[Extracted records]
◆ ◆ ◆ ◆

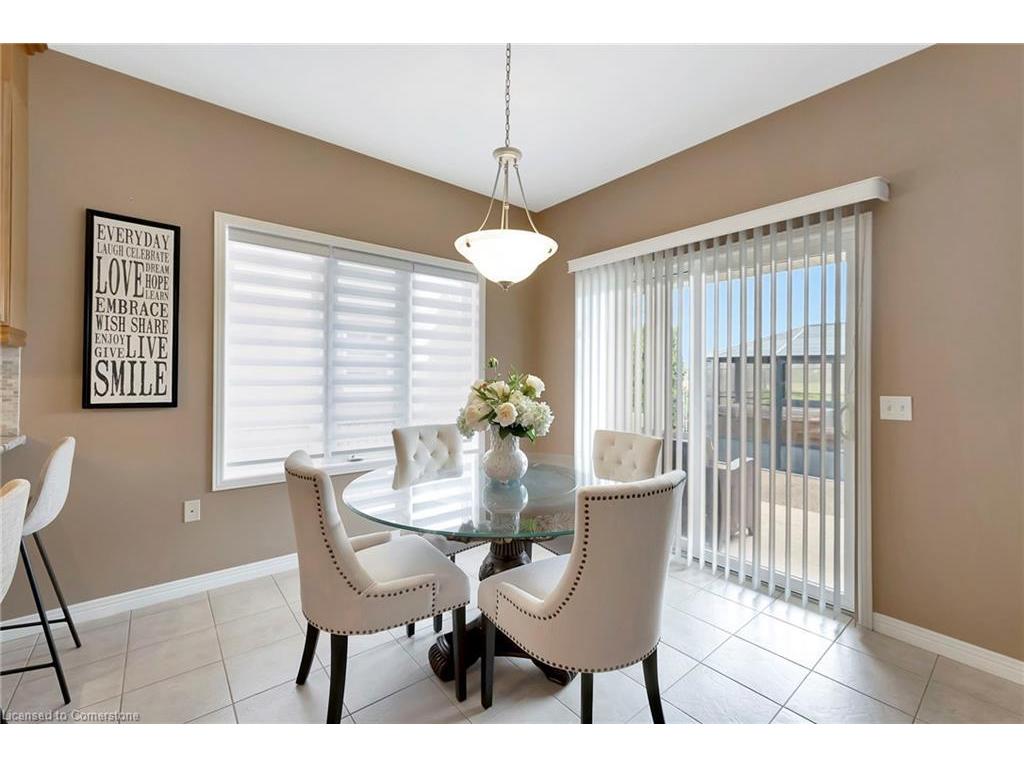 









188


Blue Mountain

Drive,
Stoney Creek,




ON
L0R 1P0

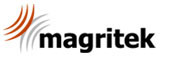 magritek Ltd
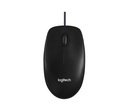 LOGITECH MOUSE M90 OPTICO USB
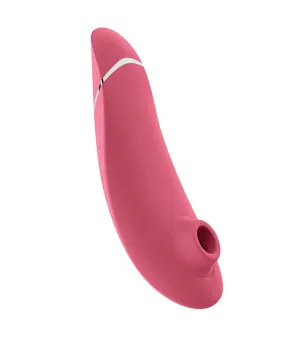 Premium 2 Clitoral Stimulator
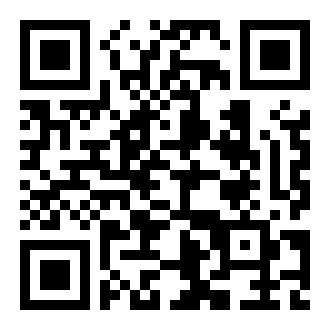 观看视频教程初一美术《桐乡稻草龙》教学视频-广西-陈伟骏-2014年全国中小学美术培训示范课视频的二维码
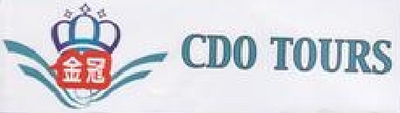 CDO TOURS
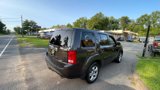 Used 2012 Honda Pilot EX-L image 5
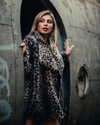 liorelbaz Altpins Profile Picture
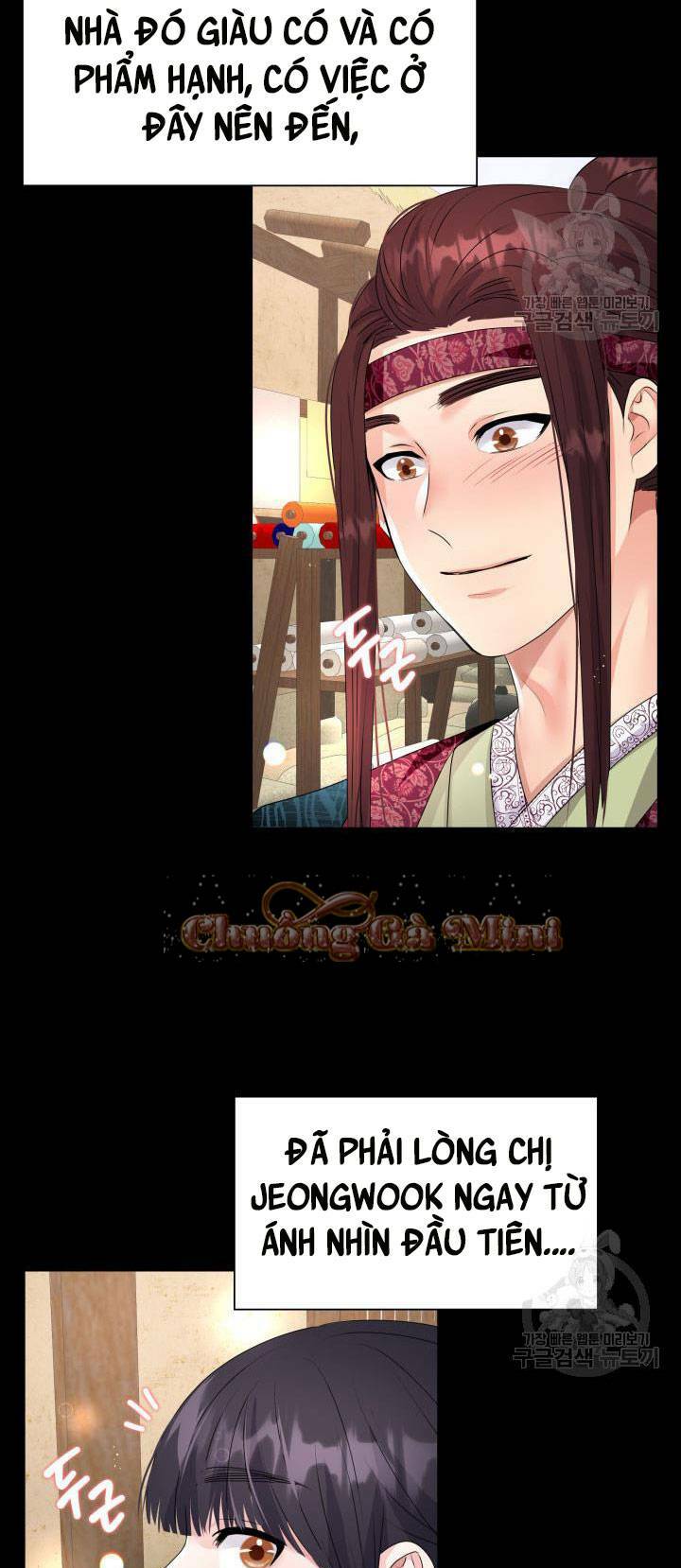 Chương 20 - Trang 10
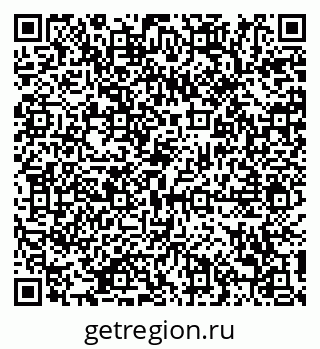 79658104080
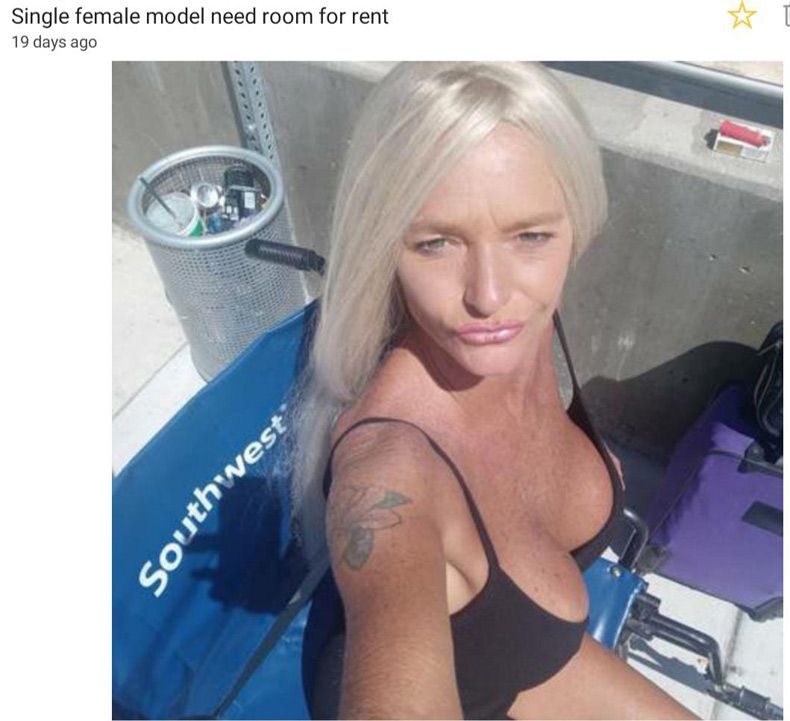 Gewoon een verzameling hilarische foto's #1729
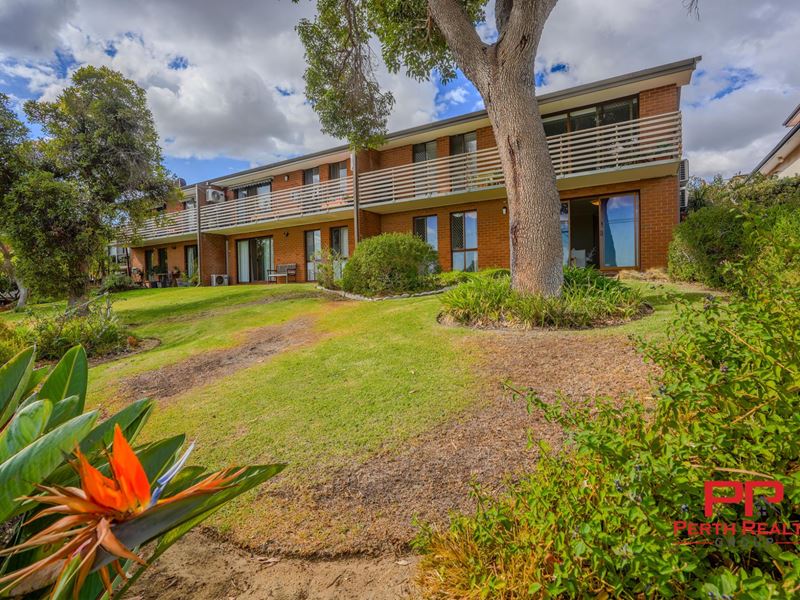 1/17 Mount Prospect Crescent, Maylands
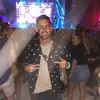 Samuel Yip - @samyip13 - TikTok
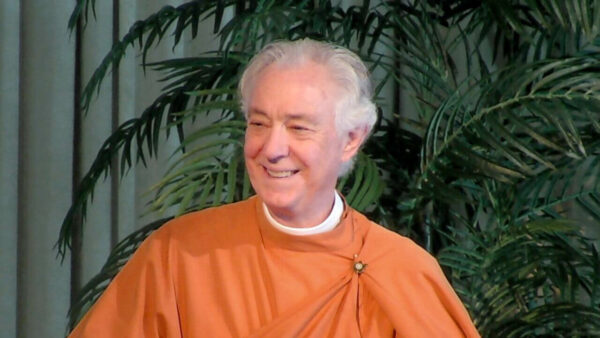 Taking Shelter in God by Swami Satyananda Giri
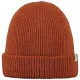 BARTS Kinabalu Beanie Kids 53-55 /rust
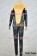 Deadpool X Men Negasonic Teenage Warhead Cosplay Costume 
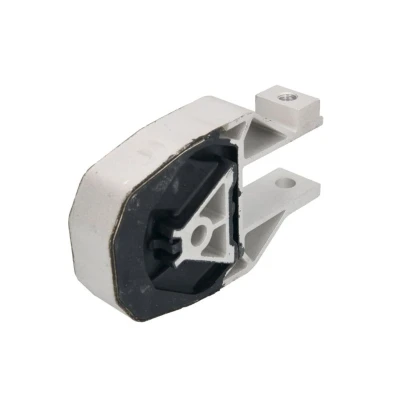 Bild av Motormontering Reinhoch RH11 4038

◆ ◆ ◆ ◆

> Action item
When you copy the records above, keep every word exact but leave out the pictures.

> Solved problem
188


Blue Mountain

Drive,
Stoney Creek,




ON
L0R 1P0

 magritek Ltd
 LOGITECH MOUSE M90 OPTICO USB
 Premium 2 Clitoral Stimulator
 观看视频教程初一美术《桐乡稻草龙》教学视频-广西-陈伟骏-2014年全国中小学美术培训示范课视频的二维码
 CDO TOURS
 Used 2012 Honda Pilot EX-L image 5
 liorelbaz Altpins Profile Picture
 Chương 20 - Trang 10
 79658104080
 Gewoon een verzameling hilarische foto's #1729
 1/17 Mount Prospect Crescent, Maylands
 Samuel Yip - @samyip13 - TikTok
 Taking Shelter in God by Swami Satyananda Giri
 BARTS Kinabalu Beanie Kids 53-55 /rust
 Deadpool X Men Negasonic Teenage Warhead Cosplay Costume 
 Bild av Motormontering Reinhoch RH11 4038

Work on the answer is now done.